Sunday, February 12, 2012

lazy weekend morning

Inspired by Alicia's recent post about counted cross stitch (and the darling sampler kit she has in the works), I dug out my cross stitch supplies and got to work.

Cross stitch is the first craft I really embraced. The summer that we were 10, my best friend and I took a very dorky (but apparently quite inspiring) class called "X Marks the Spot." For years we always had a project or two going. Now it falls by the wayside to knitting much of the time, but once in a blue moon there's a cross stitch renaissance chez Caffeinated Yarn.

Compared to my usual knitting and crochet, cross stitch is amazingly affordable, compact, and easy to store. I love the wide palette of colors. On the minus side, it's hard to know what exactly to do with the finished products, which are generally purely decorative. You can't exactly cuddle up in a cross stitch sampler on a cold, wintry day as you would with a cozy afghan or a handknit sweater.
--------------------------------------------------
I'm making plans to spruce up our flat a bit. A paint color has been chosen for my study:
bird's egg, by benjamin moore

Some cute nesting boxes to organize office and craft supplies just arrived in the post:


Saturday, February 04, 2012

to everything there is a season

With a heavy heart I said a final farewell to my grandmother last week. She had been failing for a while, and we knew that her time was limited, so I booked a flight for last weekend to say good-bye. Sadly, this did not come to pass, and we ended up driving across the Wisconsin woods and Minnesota prairies for a funeral instead. I should have taken pictures of the fantastic icicles dripping down the bluffs along the Mississippi River, or the surreal image of hundreds of windmills dotting the prairie, or even the thick fog rolling across the snowy fields.

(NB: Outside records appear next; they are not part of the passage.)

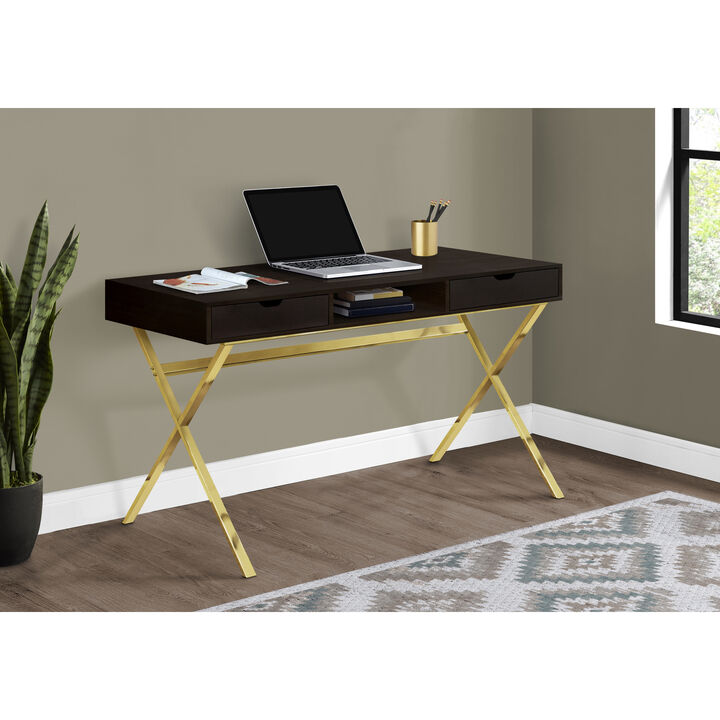 Monarch Specialties I 7210 Computer Desk, Home Office, Laptop, Storage Drawers, 48"L, Work, Metal, Laminate, Brown, Gold, Contemporary, Modern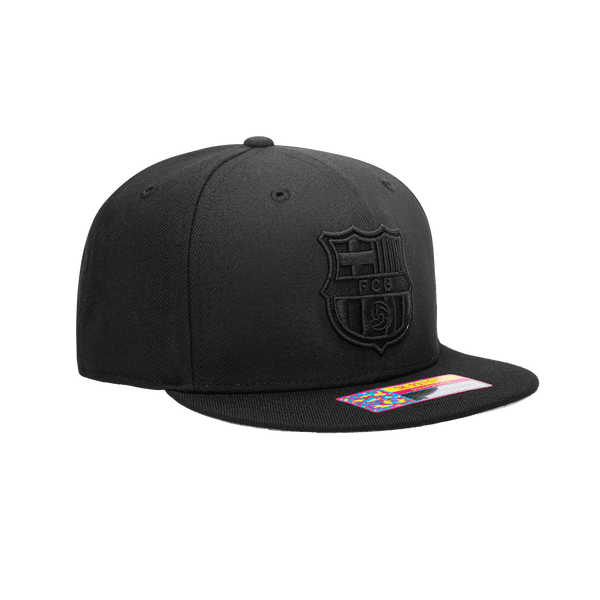 Side view of the FC Barcelona Dusk Snapback with high crown, flat peak, and snapback closure, in Black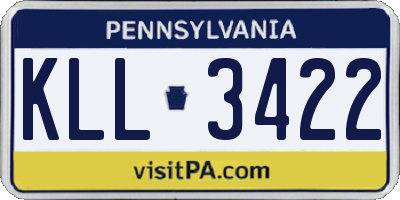 PA license plate KLL3422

Seeing family and friends was a comfort, as was sharing favorite memories. Good-bye, Grandma Max -- we'll miss you, your ever-present smile, and the twinkle in your eye, but we know that you lived a good, long life.
She loved to make quilts, and she made a handmade quilt for each of her children, as well as her grandchildren. She also embroidered many towels. She enjoyed canning pickles. While a resident of Tuff Nursing Home, she enjoyed playing cards, especially “Kings in a Corner” with her daughter. She will be remembered by her family and friends for her delicious sugar cookies, as well as for her homemade lefse. 
Grandma Max was a hard worker, as all farmers are -- driving tractor, cleaning the cream separator, butchering chickens, feeding the barn cats, crocheting slippers, and baking up a storm. Her sugar cookie recipe truly is legendary. These cookies are short and crisp -- quite unlike garden-variety sugar cookie cut-outs.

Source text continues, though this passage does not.